Dass ausgerechnet aber das Kunsthaus, als erste Institution überhaupt, die neuen Original-Naegelis von seinen Fassaden entfernen liess, entbehrt nicht einer gewissen Ironie. Selbstverständlich wollte man kein Präjudiz schaffen, das ist klar, doch Naegeli ist auch kein Allerwelts-Sprayer, sondern der wohl berühmteste Vertreter dieser Gattung. Wie sang bereits Mani Matter: «Kunscht isch gäng es Risiko.» Vor allem wenn man deren Interpretation den Kunstbürokraten überlässt. Zu Recht widmete das gleiche Kunsthaus Harald Naegeli, dessen Sprayereien es jetzt übermalen lässt, vor vielen Jahren eine eigene Ausstellung und legitimierte ihn damit als staatlich wertvollen Künstler.

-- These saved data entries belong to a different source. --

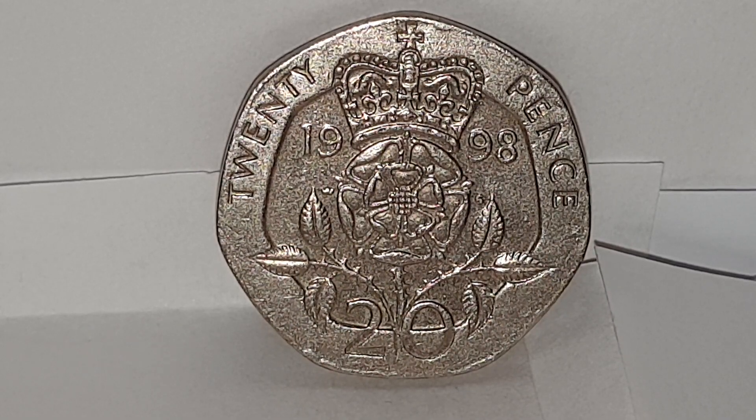For the coin specifications: the edge is heptagonal, the weight is 5 grams, the diameter is 21.5 millimeters, the composition is cupro-nickel, it's minted by the Royal Mint, and 76,965 coins were produced.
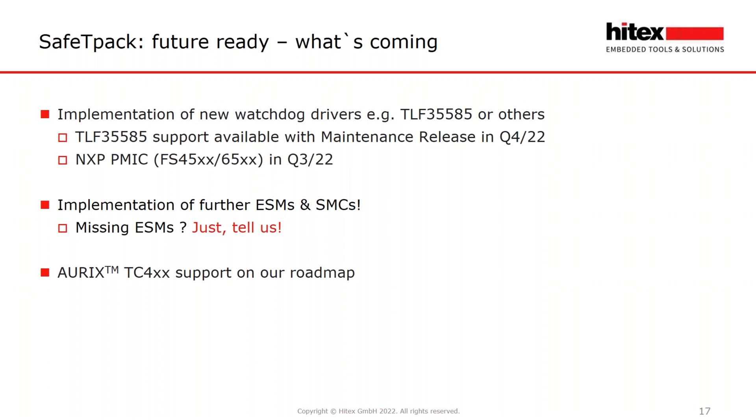We are now starting development of Safety Pack for the TC4XX and are in intensive discussion with the engineers at Infineon as well. You can be sure that the safety solution for the TC4XX will be available — the first versions are expected at the end of next year. If you have further questions about TC4XX support and development, please contact me by email or phone.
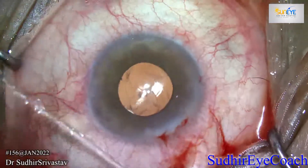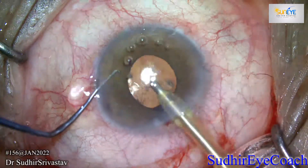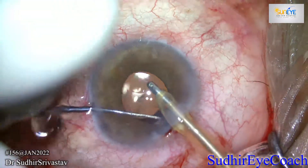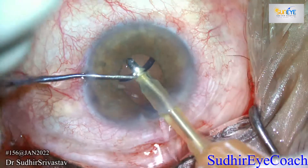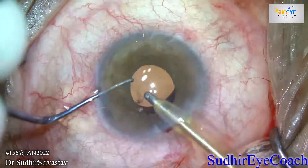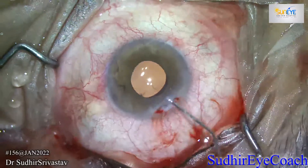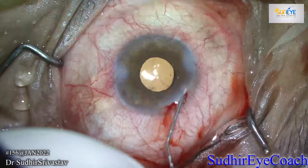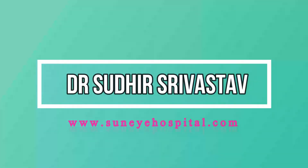Thorough removal of viscoelastic is always very important. Remove it thoroughly from the anterior chamber, and always go behind the IOL and wash any viscoelastic that remains there, because any leftover viscoelastic might cause raised intraocular pressure in the post-op. Thanks for watching.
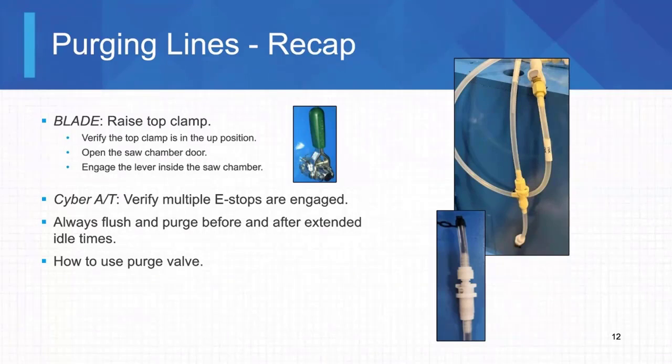I highly recommend you're using some e-stops over on the stationary end main panel. We can actually even power down the saw on a Cyber AT or a Cybersaw because it has its own power unit that is not powered by the saw.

Doch der aktuelle Umgang mit Naegelis Werk ist der beste Beweis, dass das Leben nicht immer logisch ist. So stehen die berühmten Original-Sprayereien aus den 70er- und 80er-Jahren, die sich übrigens zwei Kilometer bergaufwärts in der ETH-Tiefgarage befinden, längst unter Denkmalschutz und wurden zwischenzeitlich aufwendig restauriert. Auch im Grossmünster «darf» Naegeli den Aufgang zu den Türmen mit dem Segen der Obrigkeit mit Figuren aus dem «Totentanz» verschönern, obwohl es immer wieder zu Spannungen zwischen Behörden und Künstler kommt. Zudem ist die Original-Naegeli-Figur auf dem Pro-Helvetia-Gebäude, unmittelbar neben dem Kunsthaus, noch nicht den staatlich verordneten Reinigungsequipen zum Opfer gefallen – möglicherweise als eine der wenigen sichtbaren Erinnerungen an den Lockdown. Vielleicht wird man irgendwann im Kunsthaus mit Stolz auf die auffällige Strichfigur in direkter Nachbarschaft hinweisen. Manchmal ist einfach alles eine Frage der Zeit. Ein drittes Mal wird sich die Geschichte mit Harald Naegeli und seinen Figuren kaum wiederholen.



Der mit 50'000 Franken dotierte Kunstpreis der Stadt Zürich geht dieses Jahr an den Künstler Harald Naegeli. Der sogenannte «Sprayer von Zürich» sei eine künstlerische Ausnahmepersönlichkeit, schreibt der Zürcher Stadtrat in einer Mitteilung vom Donnerstag. Zudem werden einige ältere und neuere Werke des Street-Art-Pioniers in den städtischen Kunstbestand aufgenommen (persoenlich.com berichtete).